FRDN highlights from IDW 2023
FRDN members attending International Data Week 2023: A Festival of Data, 23–26 October 2023, in Salzburg share their highlights.
Ziad Choueiki, UGent
The session that stood out the most for me was by Zefan Zheng, a PhD candidate at Max Planck Institute of Empirical Aesthetics, Germany. In his presentation Making research FAIR from the start - a researcher's perspective, he touched upon the still prevailing culture of emphasizing publications over all other outputs of research such as pre-registrations, data, code, and protocols. He argued that when the focus is on open science rather than the publication, the benefits achieved are far-reaching. The PhD researcher will have a range of outputs, beside the final publication, that are described, open, citable, creditable and reusable (Figure 1). This is in stark contrast to the classic approach where only the published paper is in the spotlight (Figure 2). From a wider scientific perspective, this FAIR approach recognizes all elements of the research journey which allows a quantitative comparison of open science engagement on an institutional level.

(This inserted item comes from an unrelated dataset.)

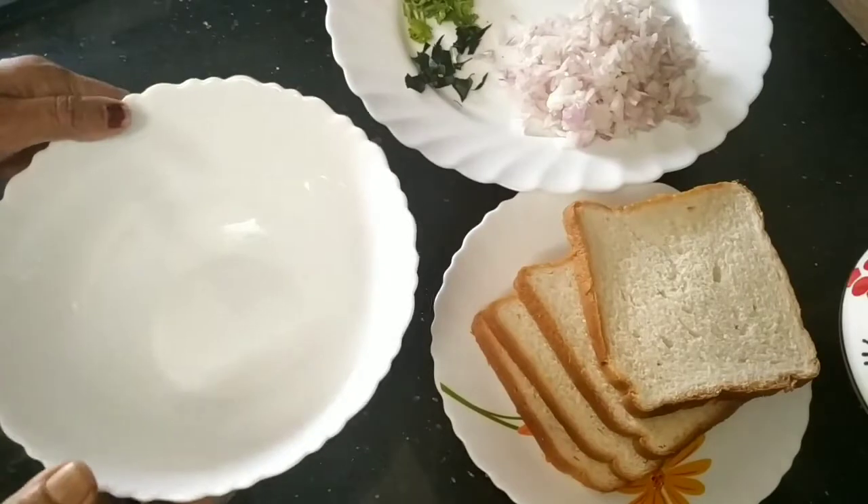So far, I am going to make a recipe for all the fresh fingers — bread fingers, fresh fingers, potato fingers. I am going to make a recipe for the bread fingers.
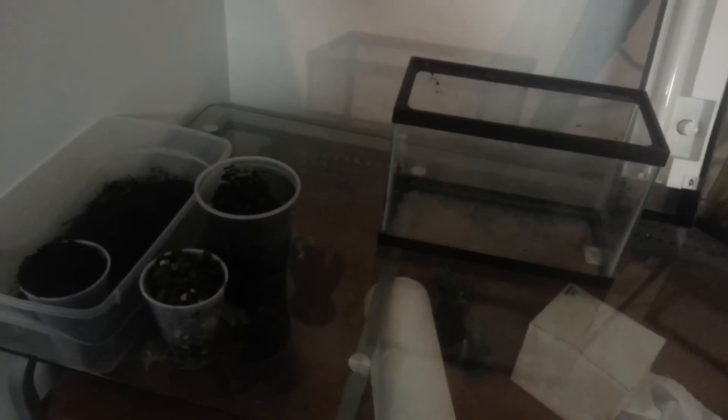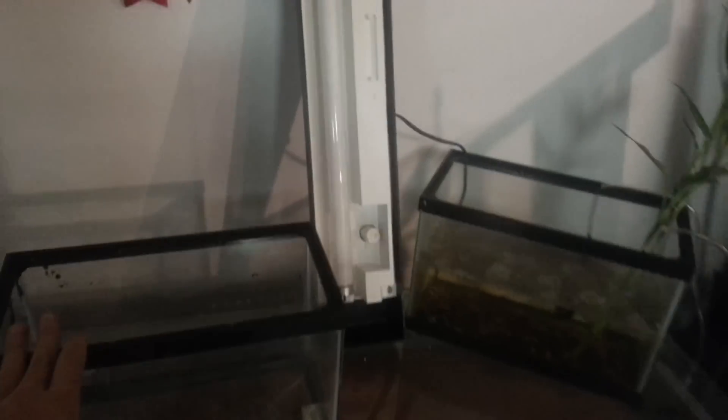Hey guys, so this is gonna be a video on how to set up your dirty planted tank. I'm gonna show you the basic stuff you need. You could also include some plant clippings, other plants, ornaments, whatever you want. First is the dirt or the mulch — not too much light so you can't really see, but it's dirt and mulch. This is some gravel, and this is some more gravel that's not as coarse. It's a 2.5 gallon tank, and that is the light bulb. So that's the basic stuff you need — watch and learn and see if you can do the same.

I loved this presentation because it resonates with my own attempts at conveying the benefits of open science and FAIR to the researchers at UGent. The benefits of FAIR research from the start is that you are likely to have more outputs than a traditional research flow. A publication is not always guaranteed but the components of a potential publication (i.e., pre-registrations, data, code, and protocols) can be created while conducting research. Many junior researchers graduate without a publication which might lead to challenges in securing future employment. However, with proper implementation of the FAIR research workflow any aspiring researcher is given the opportunity to show their academic discipline and rigor since every element of their research is properly described, open, citable, creditable and reusable.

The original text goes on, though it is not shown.